Carnets Vanteaux - J’en perds mes mots

19 octobre 2020 - par Manon Clavaud dite NOUN 
La Parole (1938) - Victor Brauner
La Parole (1938)
Victor Brauner

Consigne :
Regarder le tableau "La Parole" de Victor Brauner.
(le tableau est de 1938 - il est conservé au Musée d’art moderne et contemporain de Strasbourg).
Écrire UNE page en "interrogeant" le tableau et en essayant d’en dégager un savoir.


J’en perds mes mots.

À tort ou à travers, mon cœur est ma raison.

Mais ma raison n’est plus et alors plus rien n’est.

J’ai le crâne en bouillie, les organes à l’envers.

À l’envers de mon ombre, on ne voit toujours rien que les yeux puissent entendre, disloqué je ne suis rien.

Je ne suis rien et pourtant, c’est en miette que mes mots, rassemblés prennent sens, et je suis à nouveau.

J’ai perdu la parole dès lors que je suis né et la retrouve un beau jour si l’on daigne s’arrêter. S’arrêter devant moi ? En voilà une idée ! Je ne puis même pas une seconde y penser.

À côté de mes pompes, c’est ainsi que j’existe, et mon cœur et mes jambes sans accord dadaïste se promènent sur le fil, ce réal alité, parmi tant qui habitent ce cosmos dégenté.

Je me vois peu à peu en papier me mâcher, je m’étiole doucement, je m’apprête à tomber.

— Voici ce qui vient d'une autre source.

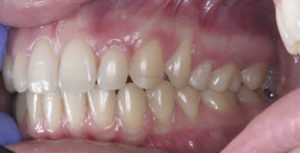 Замена пластмассовых коронок на металические фото 4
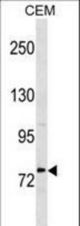 MTHFR Antibody western blot of CEM cell line lysates (35 ug/lane). The MTHFR antibody detected the MTHFR protein (arrow).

Je comprends juste alors que je suis observé par une femme magnifique, qui se tient à côté. Au même titre que moi, la voilà prisonnière d’une chimère mécanique, et sa chair en poussière. Dans un monde glacé, de violence et d’effroi, je découvre mon autre, sa moitié qui est là. Elle n’est pas toute entière comme ses gens à la guerre qui reviennent amputés de leur membres, cœur brisés. En n’ayant plus de cœur, on perd vite la parole car les maux sans l’ardeur n’ont plus rien d’un symbole. Et après toutes ses guerres, ses amours massacrées, il devient plus facile, de ne plus se parler.

Inconscient, je prends sens, dans les rêves de chacun, c’est là-bas qu’est la vie, quand sur terre il n’y a rien. Une pomme dans le ciel, Non d’une pipe ! Mais que vois-je ? Un oiseau habillé, ce doit être un mirage !

Je suis là face à toi et j’ai tout désappris, je ne sais même plus être, je me sens démuni.
Toujours ses munitions, au combat épuisées. Je m’en vais avec toi pour peut-être commencer, à nouveau à revivre, et renaître qui sait, d’un vent ivre et léger, de mes cendres envolées.

Dans un monde saccagé, la parole n’est rien, si le cœur de notre autre, ne bat pas dans nos mains.